575 hp*,Turnkey, and There’s Not a Used Part In It
Till now, if you wanted a Duramax V-8 in anything other than the fullsize GM truck it came in—your best option was to buy a complete ’01 to ’10 Duramax truck. You’d take that pickup, strip it of the engine, wiring, gauge cluster, body controller, transmission, transmission control unit, air intake, throttle pedal, fuel filter, accessory drive, starter motor—the list goes on and on—and then you could begin swapping all those things into the car or truck of your dreams.

The reason for doing all that was because you’d need so many pieces to get the Duramax engine to run, it was cheaper to buy the whole vehicle than try to collect the parts individually. The problem with this method was it was a ton of work, you’d typically have to hold on to the donor truck until you got your Duramax swap perfected (in case you needed any more parts), and at the end of the day—you’d still have a used engine in your pride and joy.

That’s all changed now. For the first time in the history of diesel performance, you can now buy a 100-percent, brand-new diesel crate engine. And as you no doubt read on the valve covers, it’s coming from Gale Banks Engineering. Banks calls this engine the 866T, that’s 8 for the number of cylinders, 6.6 for the engine size in liters, and T for turbocharged.

Banks 866T Engine
General Motors has built the Duramax engine in Ohio for more than 12 years, and yes, your local dealership can sell you a Duramax long-block for around $16,000. At that point you’d still need to get an engine computer, wiring harness, and a zillion other parts. It’s almost like GM doesn’t want to sell you a complete engine for your project—and that’s partially true. Instead, GM has partnered with Gale Banks to supply car, boat, and hot-rod builders like us with Duramax engines in a configuration that works for our needs. The engine itself begins life with all-new parts that were put together on the DMAX assembly line. From there, Banks adds its AutoMind ECU and wiring harness, and provides a fully developed engine calibration for power ratings from 275 to 475 hp.

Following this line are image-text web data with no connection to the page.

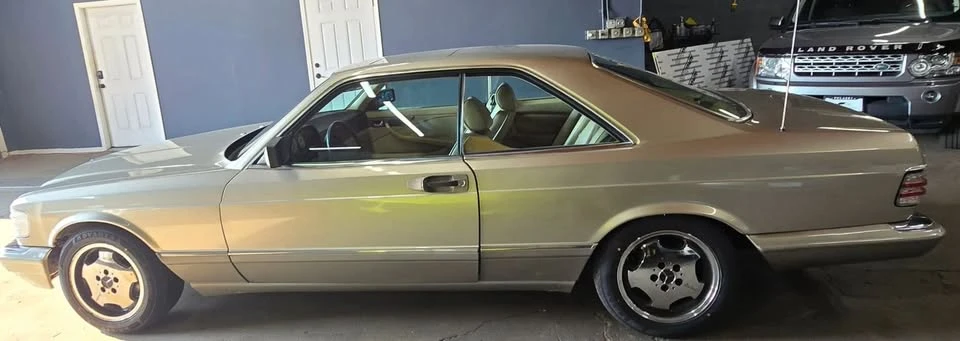 1988 Mercedes-Benz W126 S-Class Sedan - Image 9 of 20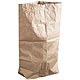 Papiersack 120 Ltr.,700+220 x 950 mm, ohne Aufdruck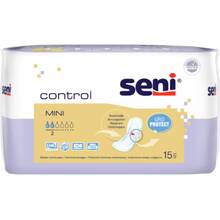 Прокладки урологические SENI CONTROL Mini 15 шт (SE-095-MI15-SC3)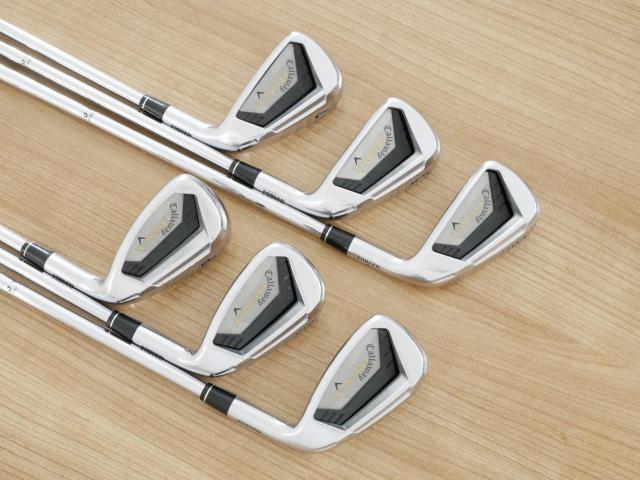 Iron set : Callaway : ชุดเหล็ก Callaway Legacy V (Forged) มีเหล็ก 5-Pw (6 ชิ้น) ก้านเหล็ก GS95 S200
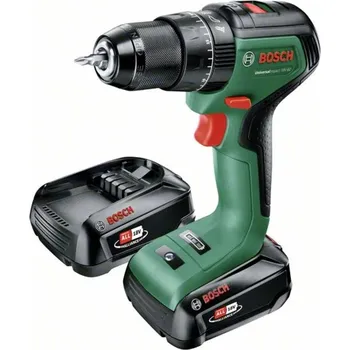 Vrtačka Bosch Home and Garden UniversalImpact 18V-60 aku vrtací šroubovák, 06039D7106
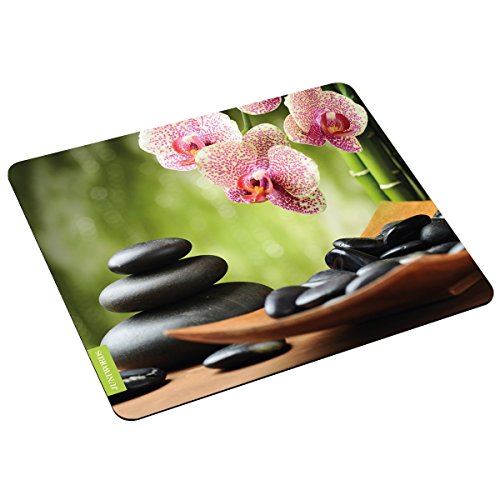 Wandkings Mousepad Mauspad, Motiv Orchidee, Design wählbar von WANDKINGS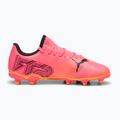 Детски футболни обувки PUMA Future 7 Play FG/AG Jr sunset glow/puma black/sun stream 9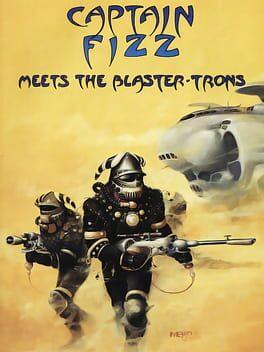 Captain Fizz Meets the Blaster-Trons - Copertina ufficiale del gioco disponibile - Gaming marketplace italiano - The Games Market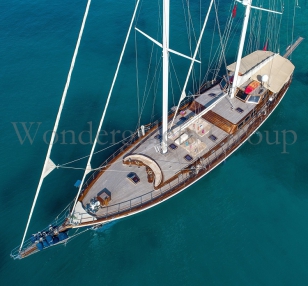 Luxury Gulet WG TQ 002 Turkey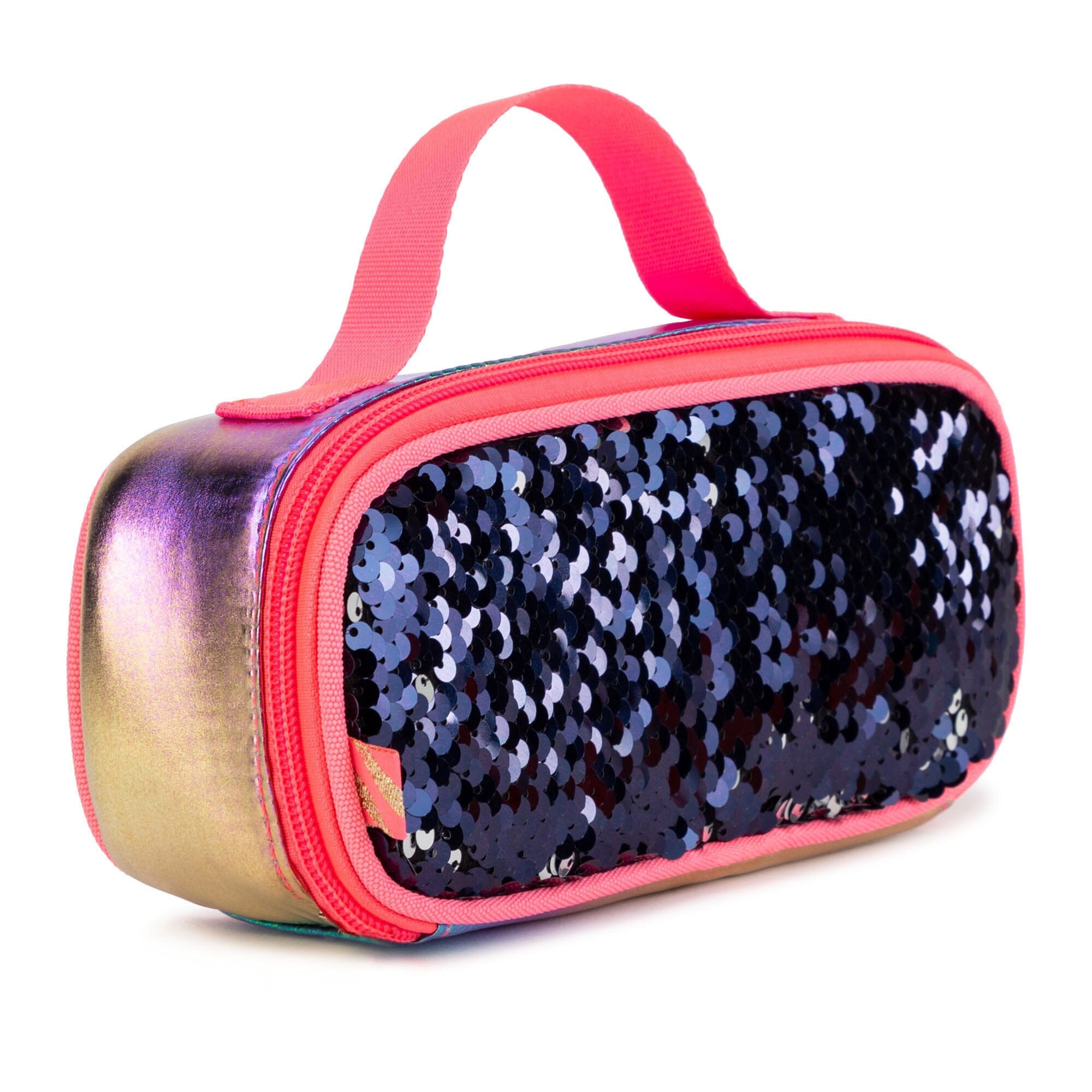 Billieblush Federmäppchen mit Regenbogenverlauf und Wendepailletten Federmäppchen Billieblush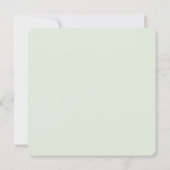 Carte Chemin forestier d'été (Dos)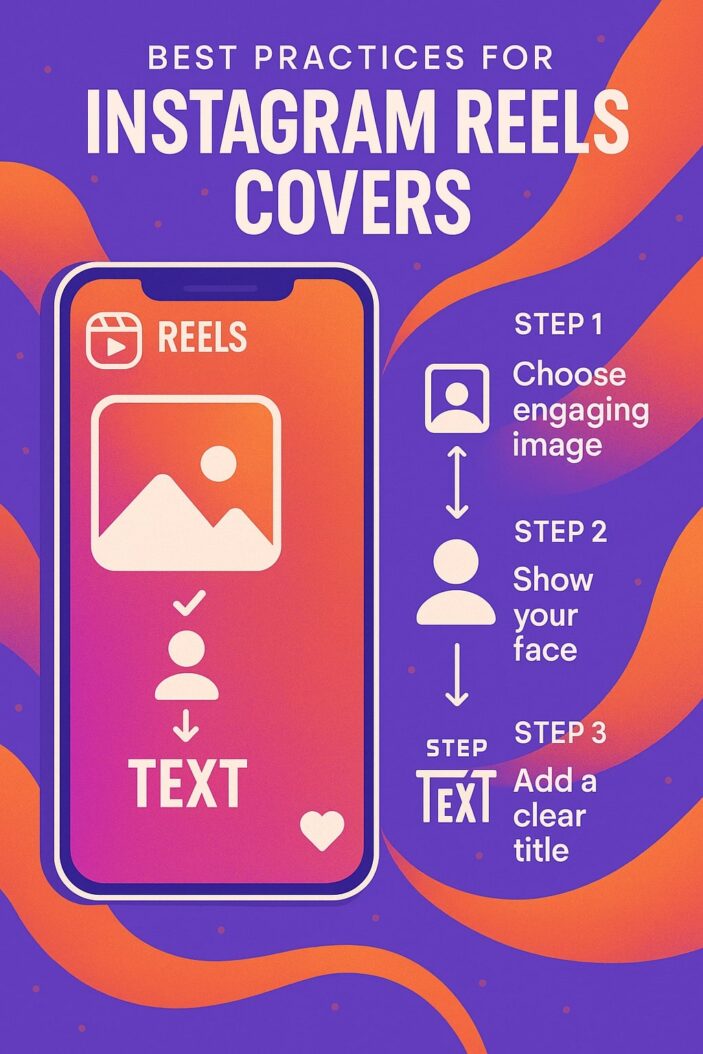 Best Practices for Instagram Reels Covers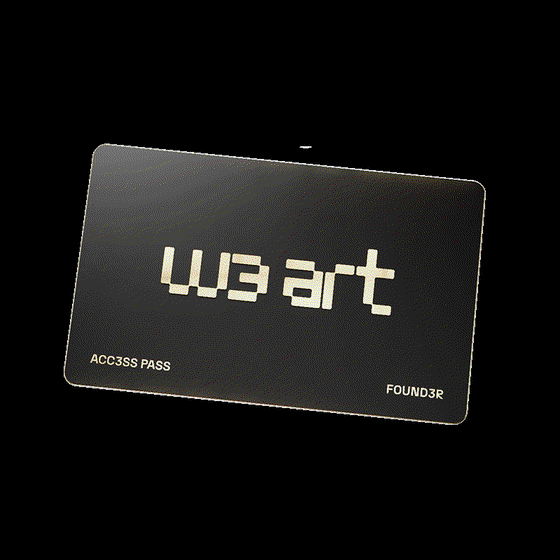 W3 ART - ACC3SS PASS #55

Want more power than that? No problem. Banks also has a 575hp package (pictured) that makes 900 lb-ft and is based on the ’11-and-newer, heavier-duty LML Duramax block and cylinder heads. The 575hp engine uses a CP3 injection pump, and the heads are modified to accept standard Duramax solenoid-type injectors. The 575hp package also comes with Banks cast-aluminum valve covers, a high-volume oil system and piston cooling nozzles, high-flow Garrett water-cooled VNT turbocharger, Banks exhaust manifolds and turbocharger up-pipes, heavy-duty Banks viscous vibration damper (with 8 to 12 rib drive belt options), and provisions for bolting directly to the damper.

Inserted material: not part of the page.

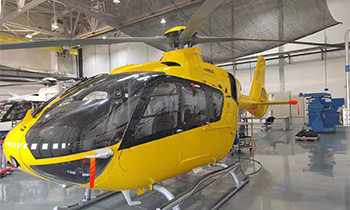 披荆斩棘，具有里程碑意义的关键一步 ——天合租赁采购首架H135直升机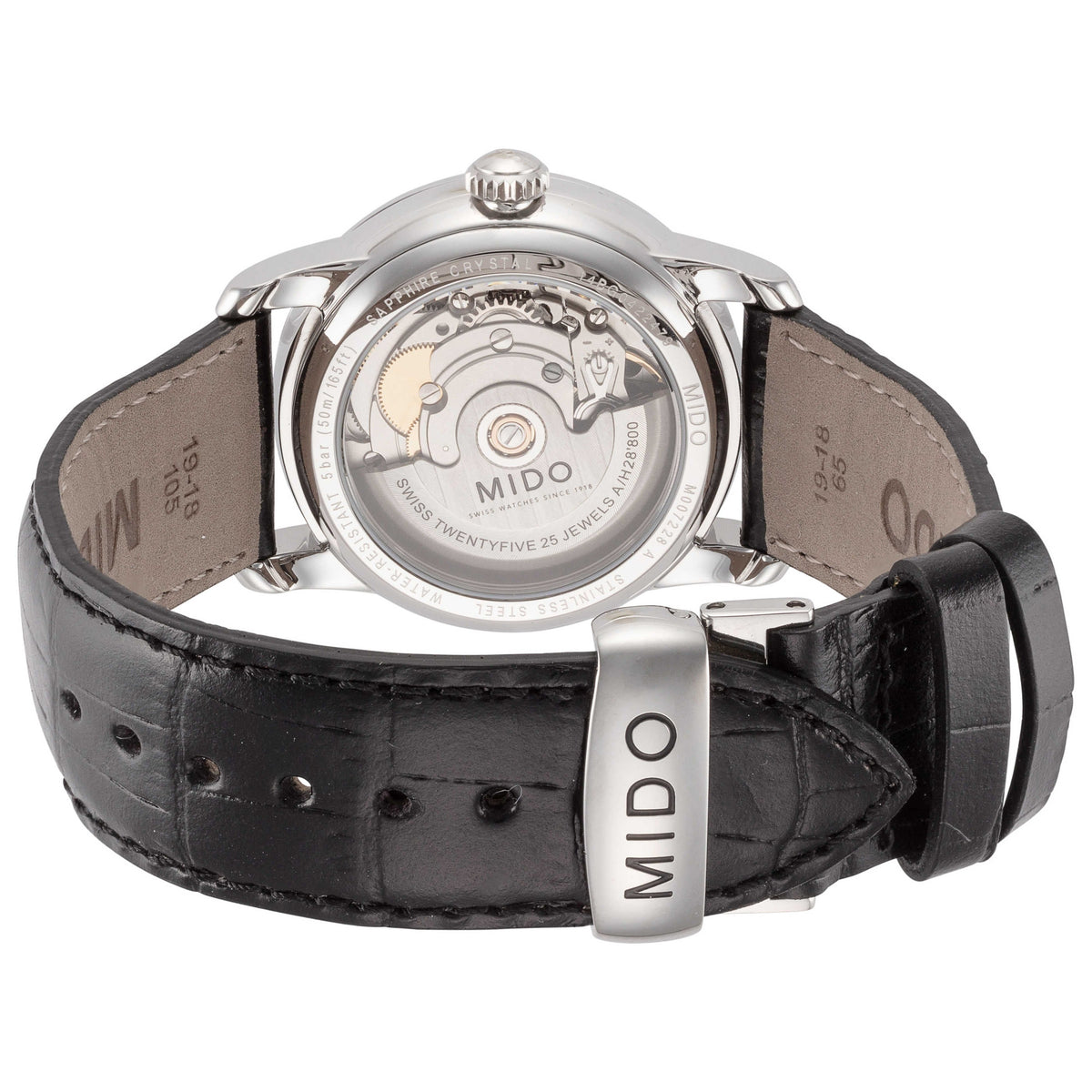 Mido Baroncelli II Women's Watch M0072281603600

Want more power still? Banks can handle that, too. All its motorsport, supercharger, nitrous, dual CP3s, intake manifolds, intercoolers, and twin-turbo options can be incorporated into a Duramax crate engine. The top-of-the-line package is its streetable supercharged and turbocharged 1,200hp engine combo. If you want more power than that, talk to the Banks Engineering team about using two 866Ts in your project!

* Owner’s manual, installation guide, and six-month limited warranty (material and workmanship) included with the 275 to 475hp engines. Prices for ready-to-run engines with ECU begin at $15,980.